INPUT DATA:
________________
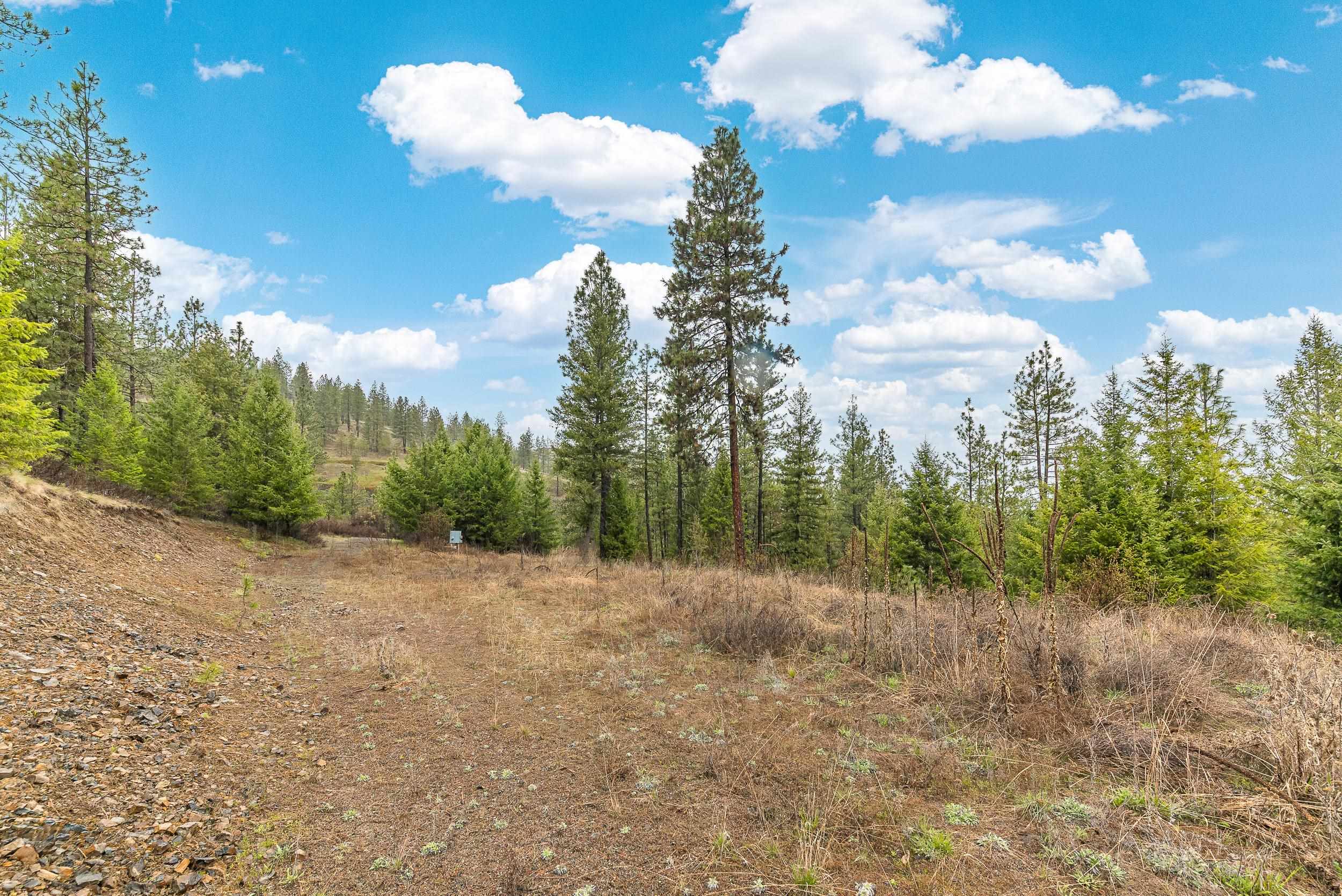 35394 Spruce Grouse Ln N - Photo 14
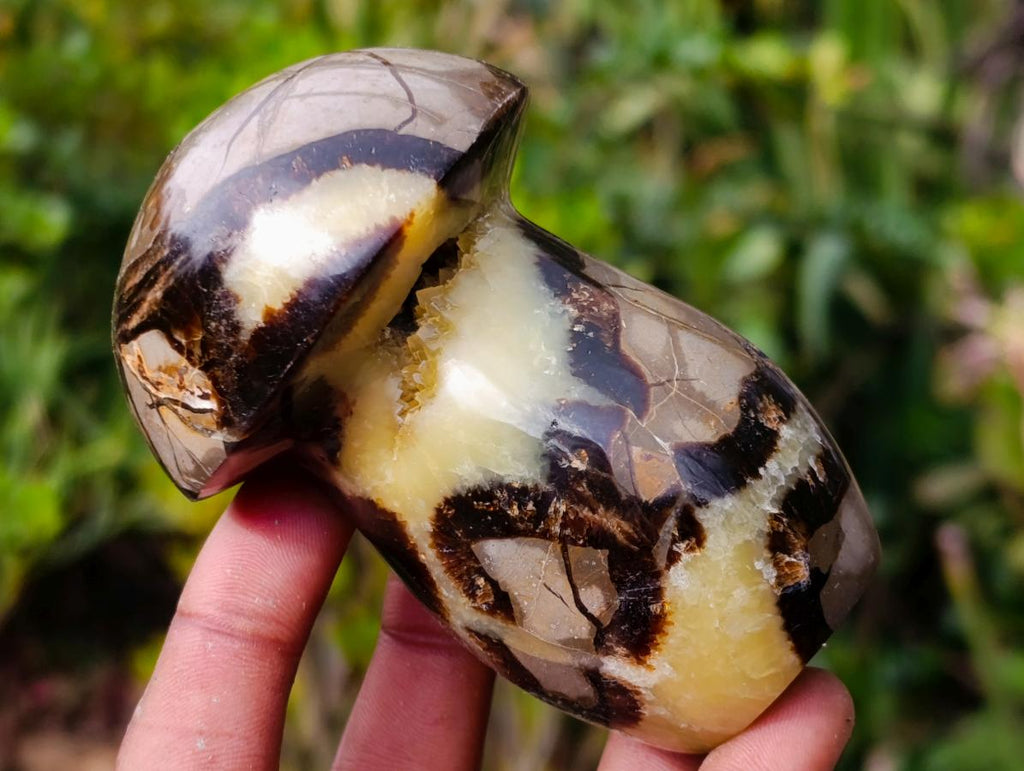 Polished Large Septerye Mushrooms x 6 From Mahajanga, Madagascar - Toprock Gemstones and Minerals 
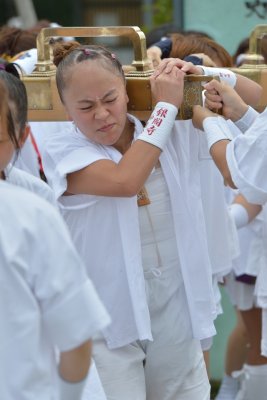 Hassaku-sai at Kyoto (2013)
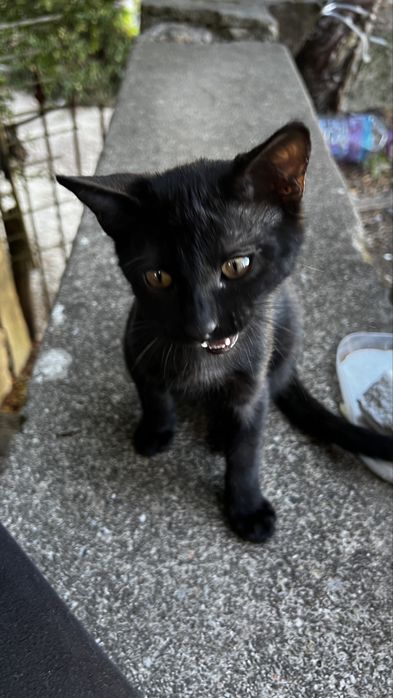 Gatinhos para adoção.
________________
EXERCISE BRIEF: Exclude all images and return the listing word for word.

WORKED SOLUTION:
 35394 Spruce Grouse Ln N - Photo 14
 Polished Large Septerye Mushrooms x 6 From Mahajanga, Madagascar - Toprock Gemstones and Minerals 
 Hassaku-sai at Kyoto (2013)
 Gatinhos para adoção.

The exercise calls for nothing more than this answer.